Fast forward nineteen years later, when the internet has become the best friend of those whose brains are incapable of retaining certain tiny pieces of information such as specific book titles or the names of authors. A Google search of the details I could recall about the characters and plot reminded me of the title I needed, and a quick visit to half.com got me reunited with the book at long last. I made quick work of finishing up the read, and it was just as great as I remembered. (A relief, truly, since many things fail to hold up over time in terms of how completely they captured your interest before.) It now holds a cherished place on my bookshelf, and remains a favorite I won't be losing again.
Pepper Minesse is a fierce and incredibly competent businesswoman, one who holds herself aloof from all manner of personal relationships with men after enduring a terrifying assault in her past. When first we meet her, she is in the process of mailing out letters to everyone who was involved in that most hated and shameful piece of her past. Sending those letters sets her long-awaited plan for revenge into motion. The four men, all equally powerful in their own right, are extremely resistant to Pepper's demands.
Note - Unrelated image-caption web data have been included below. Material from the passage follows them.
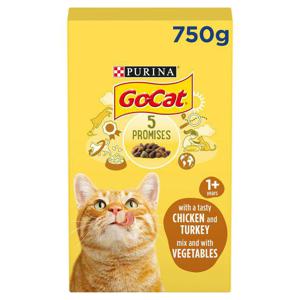 Go-Cat With Turkey, Chicken & With Vegetables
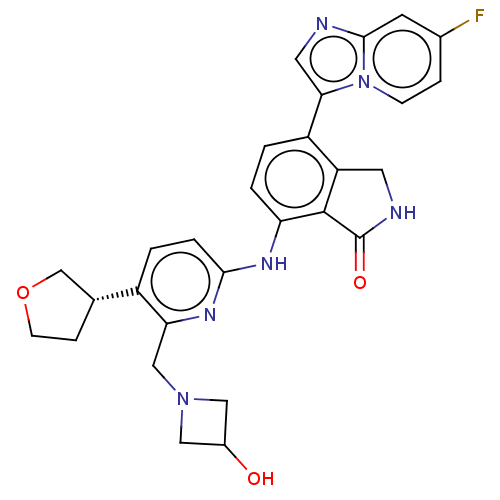 Chemical structure of BindingDB Monomer ID 501092
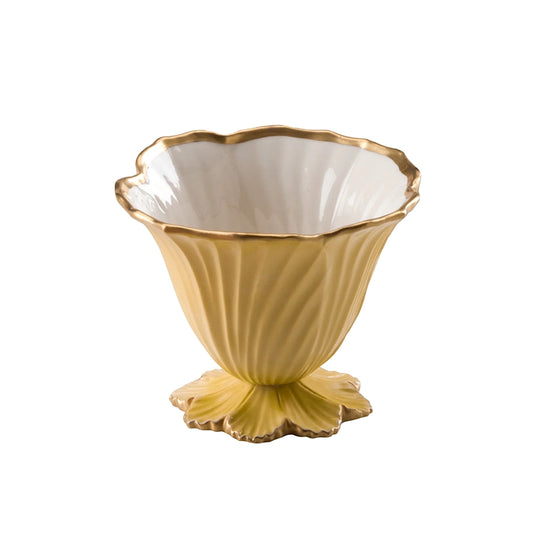 Citrin Flower Cup
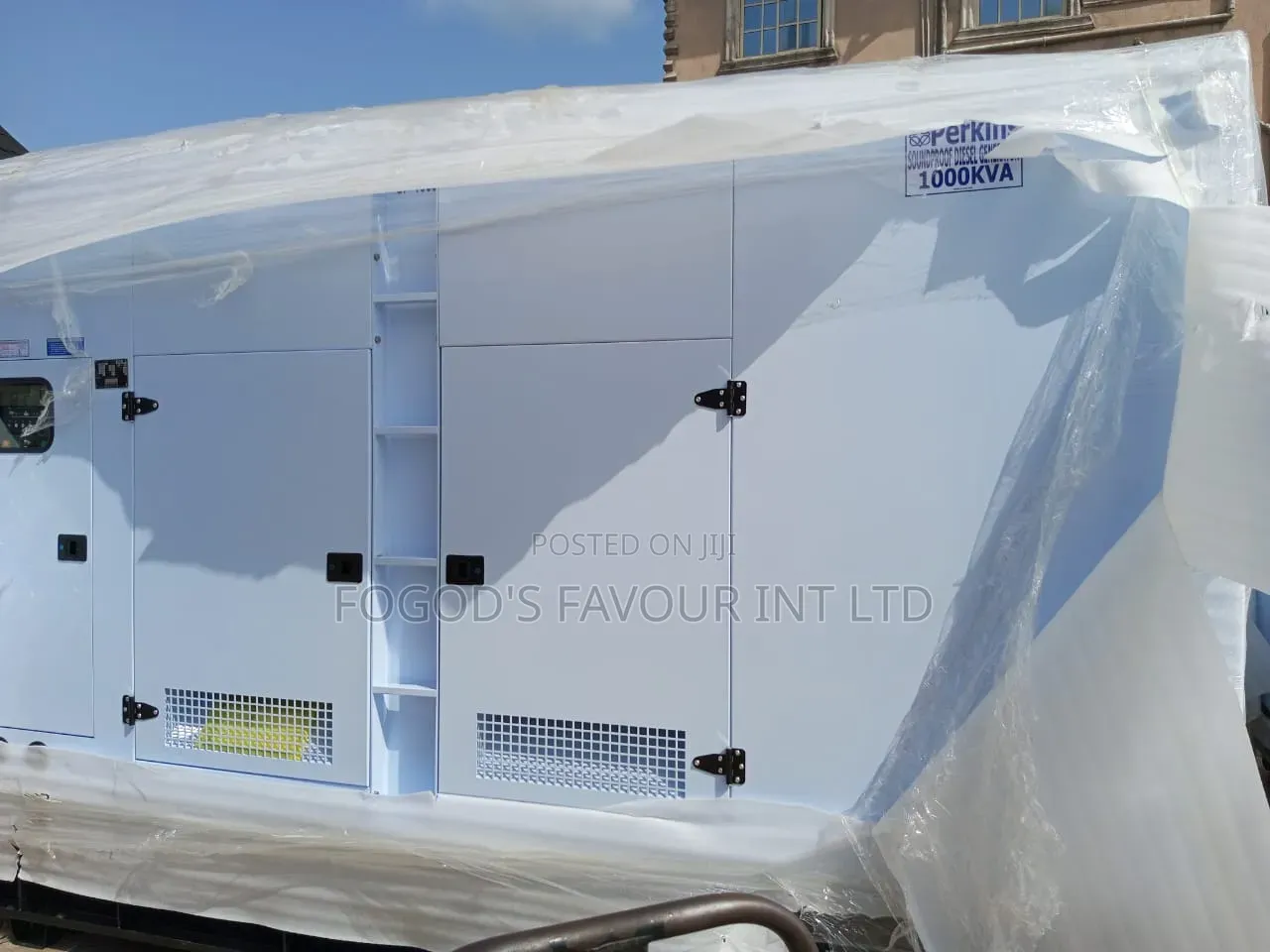 Brand New 1000kva Perkins Soundproof Generator
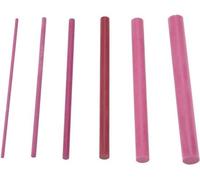 Kit de pierres à aiguiser professionnel - 6 pièces, grain 30 000, pour un affûtage précis de la pierre dure.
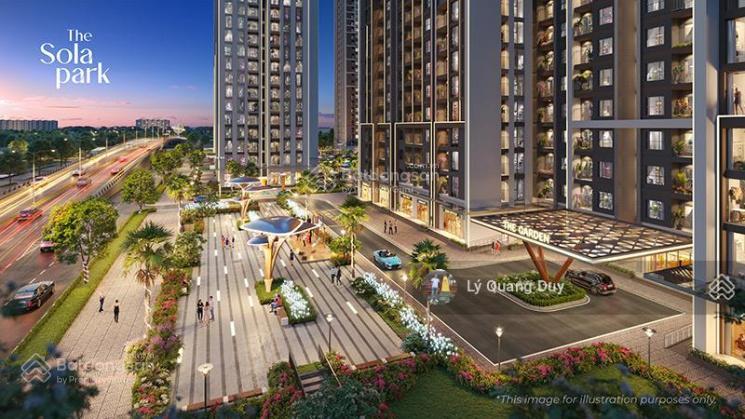 Cho thuê căn shop g1  sola park mặt sảnh  gần vòng xuyến  vị trí đẹp  0961 266 ***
The blackmail she has acquired ensures that they have no choice but to comply, and this leads them to form a plan of their own to combat her revenge. As the past, present, and future begin to merge, a growing danger mounts, and Pepper's very life is placed into grave peril. It is only through the intervention of one of the same men whose life she is attempting to ruin that she is able to triumph over the danger she faces. Shocking twists and terrible crimes abound as the plot races toward its finish, leaving several people dead and many lives irreparably changed.
All in all, this is one book that was written with the reader in mind. Gripping and powerful, the story is one that will stay with you. There were a couple of small elements that bugged me about Pepper's acquiescence, which make me reluctant to give it a full five stars. But it is a solid read, and I wholeheartedly recommend it.